Ok, it looks like we don’t agree on the cost model involved here and thats ok. Thinking about it made me realize that I jumped to a configuration that worked for the other clients I’ve helped who’ve encountered this problem. The problem with this is; it’s a recommendation made without any rigor or process. The one thing that we have agreed upon is that this application becomes starved for memory so it makes sense to give it more memory. In this case tenured encroaches to more than 15G before the Full is triggered. So it seems that a heap setting 32G seems like a reasonable start. I would then get rid of any other heap configurations hoping that we can fall back to the default position of having only a max heap size set. We can then use the GC logs to see if there is any further configuration required.

>> 
>> This is great information. Unfortunately there isn’t any data to help
>> anyone understand what a reason able setting should be. Would it also
> 
> For JDK8 the worst case is basically the number of references in your
> largest j.l.O. array times max number of j.l.O. arrays iirc.
> 
> In JDK9, 1024 * max number of j.l.O. arrays; also in JDK9 work
> distribution between mark threads is much better, i.e. the mark stack
> will be processed much faster.
> 
> (I did not think hard about both JDK's worst cases, so I may be
> completely off).
> 
> As for when to increase mark stack size, you do get a message when/if
> the mark stack overflows... also, G1 could simply increase the mark
> stack size in that case and continue without restarting the marking if
> increasing space succeeded. There's a CR for that somewhere,
> contributions welcome as usual (G1 already does that iirc when there is
> a mark stack overflow during GC pause).

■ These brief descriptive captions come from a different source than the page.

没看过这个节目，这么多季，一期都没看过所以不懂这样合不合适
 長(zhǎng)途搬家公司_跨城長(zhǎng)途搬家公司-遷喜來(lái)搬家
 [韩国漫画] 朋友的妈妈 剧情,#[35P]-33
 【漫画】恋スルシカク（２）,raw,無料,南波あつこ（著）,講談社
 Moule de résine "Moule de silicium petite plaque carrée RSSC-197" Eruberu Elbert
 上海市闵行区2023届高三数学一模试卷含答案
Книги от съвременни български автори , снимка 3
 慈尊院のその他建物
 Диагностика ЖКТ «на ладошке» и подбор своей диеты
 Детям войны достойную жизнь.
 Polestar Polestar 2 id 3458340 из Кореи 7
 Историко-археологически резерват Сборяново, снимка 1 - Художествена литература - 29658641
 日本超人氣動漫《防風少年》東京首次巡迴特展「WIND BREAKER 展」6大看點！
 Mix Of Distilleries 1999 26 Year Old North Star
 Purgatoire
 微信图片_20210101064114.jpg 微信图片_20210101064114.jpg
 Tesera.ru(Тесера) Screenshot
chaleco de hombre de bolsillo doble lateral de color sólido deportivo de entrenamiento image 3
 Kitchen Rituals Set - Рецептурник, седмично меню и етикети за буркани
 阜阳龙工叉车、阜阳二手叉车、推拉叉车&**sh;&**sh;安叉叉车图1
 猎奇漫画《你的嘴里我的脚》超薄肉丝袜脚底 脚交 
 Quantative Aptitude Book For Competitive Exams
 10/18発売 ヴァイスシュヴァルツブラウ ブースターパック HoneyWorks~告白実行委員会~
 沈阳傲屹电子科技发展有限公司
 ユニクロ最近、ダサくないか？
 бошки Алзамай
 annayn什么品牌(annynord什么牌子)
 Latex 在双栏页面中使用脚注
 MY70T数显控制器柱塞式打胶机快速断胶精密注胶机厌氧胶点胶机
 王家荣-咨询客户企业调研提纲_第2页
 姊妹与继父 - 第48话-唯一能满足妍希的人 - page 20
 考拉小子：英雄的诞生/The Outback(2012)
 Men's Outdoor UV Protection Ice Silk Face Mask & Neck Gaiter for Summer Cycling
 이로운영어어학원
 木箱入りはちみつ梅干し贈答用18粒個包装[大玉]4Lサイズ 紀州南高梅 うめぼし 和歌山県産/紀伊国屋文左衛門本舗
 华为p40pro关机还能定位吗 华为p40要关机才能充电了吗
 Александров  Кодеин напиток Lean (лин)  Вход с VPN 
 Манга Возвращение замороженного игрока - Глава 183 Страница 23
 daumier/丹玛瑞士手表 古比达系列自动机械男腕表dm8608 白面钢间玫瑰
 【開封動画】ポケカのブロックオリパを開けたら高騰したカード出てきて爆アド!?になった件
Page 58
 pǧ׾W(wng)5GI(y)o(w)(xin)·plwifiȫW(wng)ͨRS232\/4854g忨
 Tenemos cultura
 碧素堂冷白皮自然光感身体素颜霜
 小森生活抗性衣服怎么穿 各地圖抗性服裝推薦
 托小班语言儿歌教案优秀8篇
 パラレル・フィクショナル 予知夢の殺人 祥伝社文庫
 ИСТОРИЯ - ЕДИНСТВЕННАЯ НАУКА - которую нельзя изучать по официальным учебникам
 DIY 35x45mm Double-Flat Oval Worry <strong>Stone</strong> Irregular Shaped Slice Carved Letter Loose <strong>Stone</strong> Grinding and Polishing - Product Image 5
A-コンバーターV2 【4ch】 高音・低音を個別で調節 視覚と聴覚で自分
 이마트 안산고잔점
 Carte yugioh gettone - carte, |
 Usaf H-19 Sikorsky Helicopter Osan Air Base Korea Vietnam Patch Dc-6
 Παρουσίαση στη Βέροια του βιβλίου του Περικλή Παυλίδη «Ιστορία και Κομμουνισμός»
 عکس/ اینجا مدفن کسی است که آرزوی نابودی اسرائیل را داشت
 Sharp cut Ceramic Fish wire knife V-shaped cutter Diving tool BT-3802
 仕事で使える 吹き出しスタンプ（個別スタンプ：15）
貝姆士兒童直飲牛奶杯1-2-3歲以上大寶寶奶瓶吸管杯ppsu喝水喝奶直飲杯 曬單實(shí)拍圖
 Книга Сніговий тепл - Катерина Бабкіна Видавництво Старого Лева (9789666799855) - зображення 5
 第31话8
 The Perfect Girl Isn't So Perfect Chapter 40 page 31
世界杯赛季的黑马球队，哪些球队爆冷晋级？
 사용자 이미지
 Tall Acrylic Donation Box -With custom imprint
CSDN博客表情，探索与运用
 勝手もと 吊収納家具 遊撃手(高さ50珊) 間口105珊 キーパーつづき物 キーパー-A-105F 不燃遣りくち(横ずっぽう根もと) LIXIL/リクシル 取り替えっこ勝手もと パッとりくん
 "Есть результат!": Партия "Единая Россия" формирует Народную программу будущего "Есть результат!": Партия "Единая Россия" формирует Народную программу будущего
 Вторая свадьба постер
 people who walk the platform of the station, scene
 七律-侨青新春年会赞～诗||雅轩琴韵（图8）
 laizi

Ok, as an aside, I use some of the data in the GC log to estimate the level of parallelism in the collector. It’s a rough guess but it’s sometimes useful in helping to identify cases such as this.
> 
>> be reasonable to double the mark stack size when you these failure.
>> Also, is the max size of the stack bigger if you configure a larger
>> heap?
> 
> Use JDK9 - there except in rather unlikely situations you should need
> to increase it.
> 
> Also in JDK9, the transition from marking to mixed gcs is faster,
> automatically decreasing the pressure.

I’m looking forward to being able to use 9.

Kind regards,
Kirk